- **Problem to solve**: When you reach the line containing "Spider Farmer SE7000", begin reproducing the material exactly, stop after the line containing "Adjustable Sit-Up Bench", and leave out any pictures along the way.

- **The input**:
####

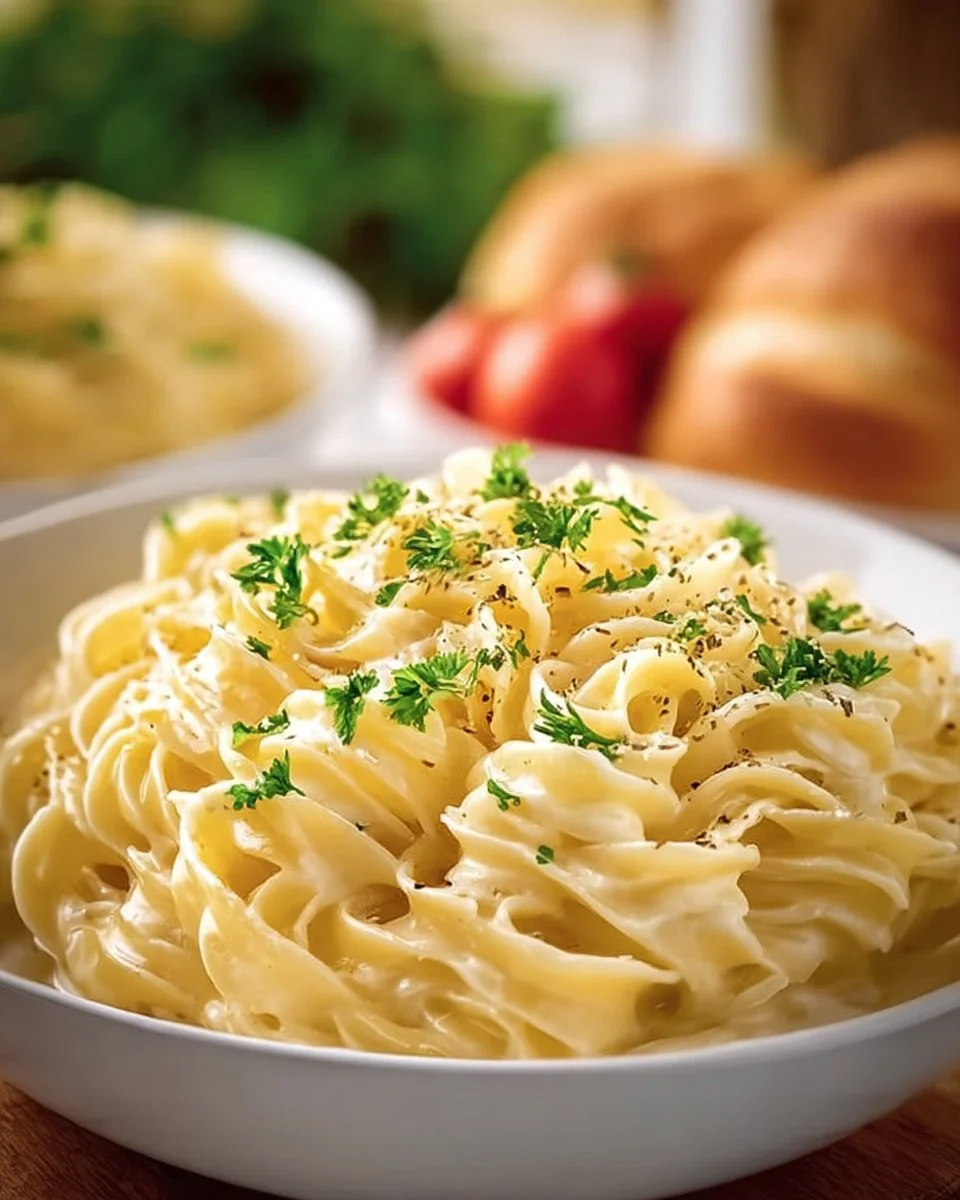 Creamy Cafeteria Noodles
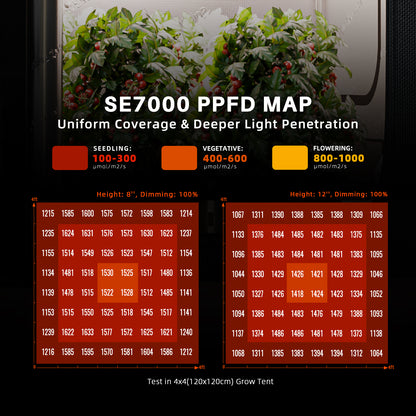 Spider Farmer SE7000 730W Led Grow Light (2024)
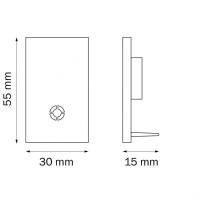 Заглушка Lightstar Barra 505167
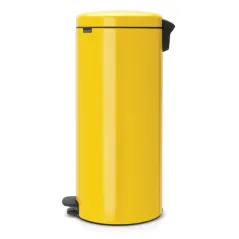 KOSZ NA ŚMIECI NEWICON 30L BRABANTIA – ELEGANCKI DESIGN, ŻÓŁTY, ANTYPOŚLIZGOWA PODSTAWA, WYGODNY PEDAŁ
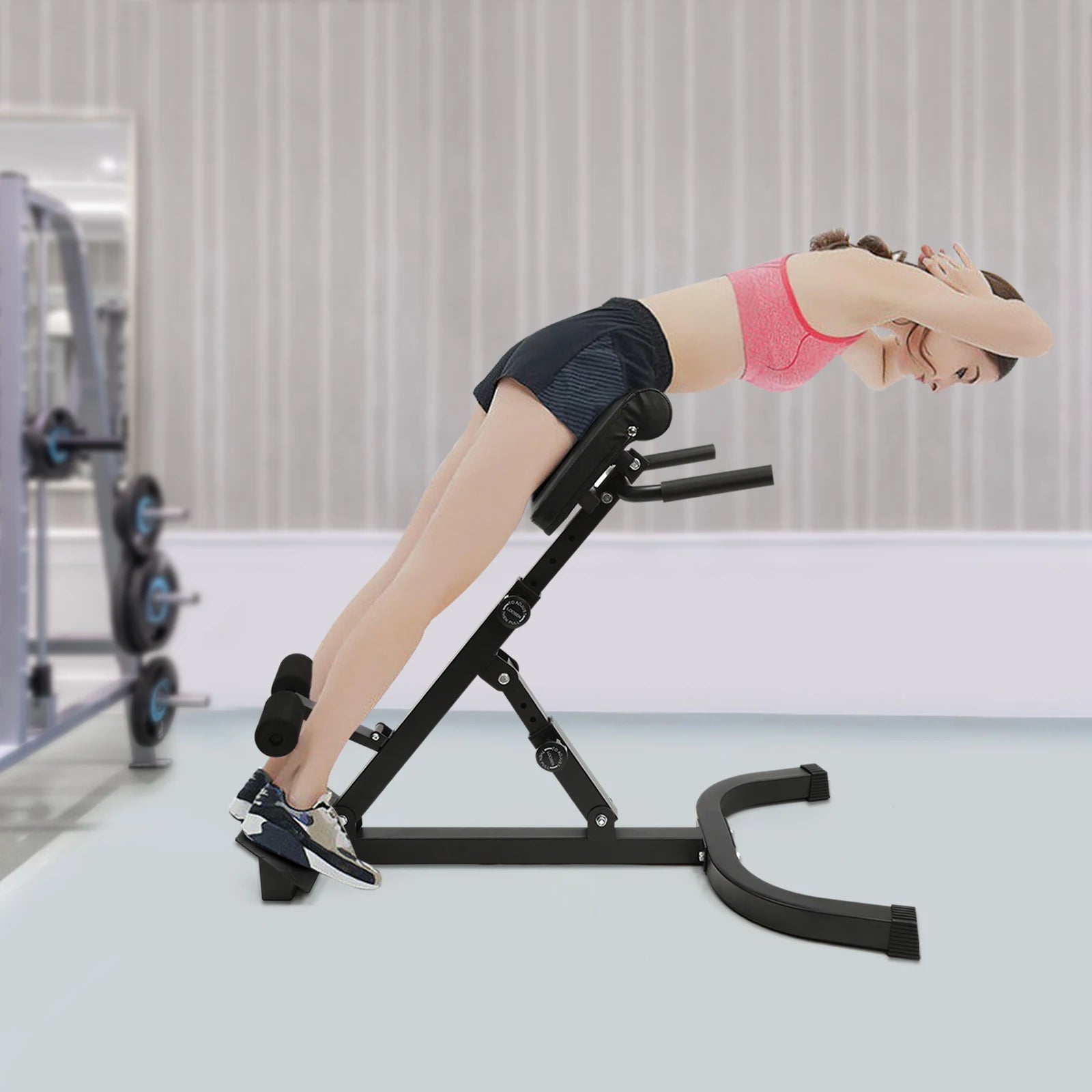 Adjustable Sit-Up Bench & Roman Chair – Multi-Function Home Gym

####

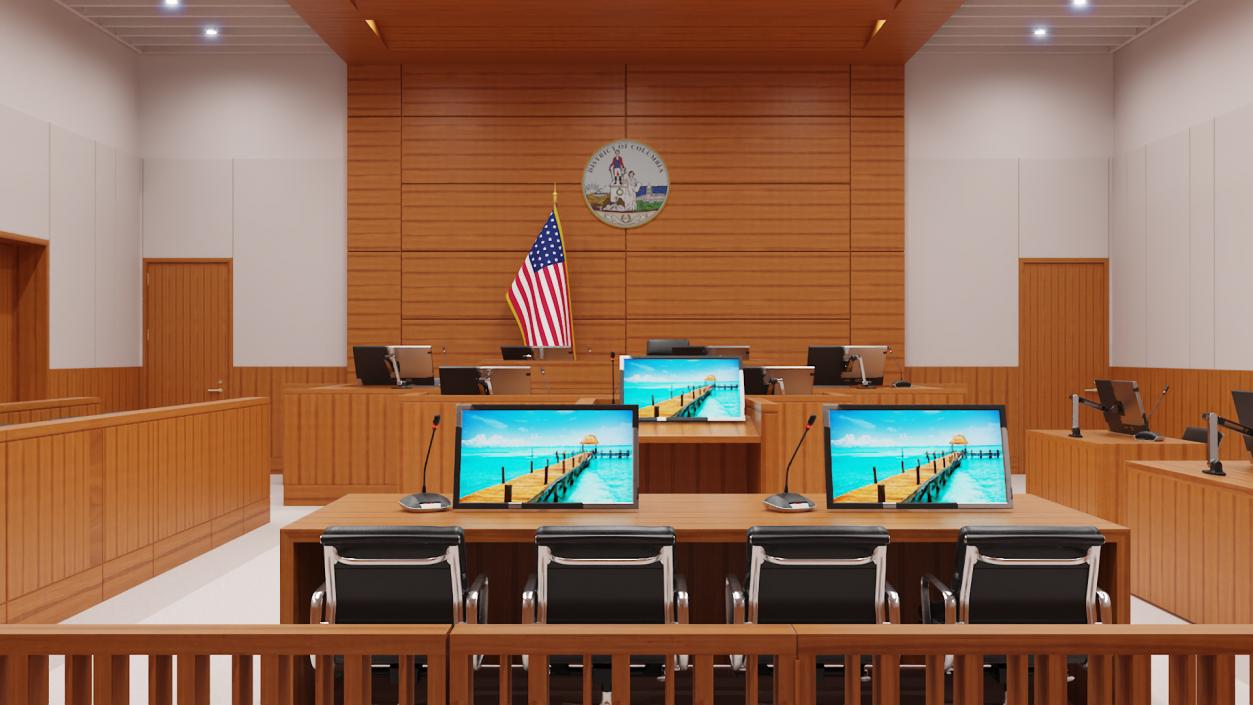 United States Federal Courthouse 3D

####

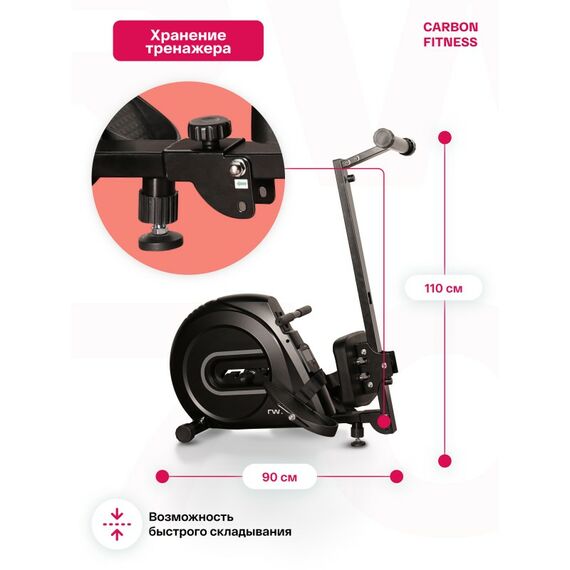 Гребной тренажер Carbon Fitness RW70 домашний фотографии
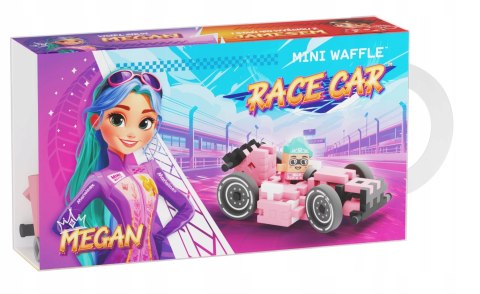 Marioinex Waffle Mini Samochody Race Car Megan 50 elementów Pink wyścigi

####

- **Problem solution**:
 Spider Farmer SE7000 730W Led Grow Light (2024)
 Заглушка Lightstar Barra 505167
 KOSZ NA ŚMIECI NEWICON 30L BRABANTIA – ELEGANCKI DESIGN, ŻÓŁTY, ANTYPOŚLIZGOWA PODSTAWA, WYGODNY PEDAŁ
 Adjustable Sit-Up Bench & Roman Chair – Multi-Function Home Gym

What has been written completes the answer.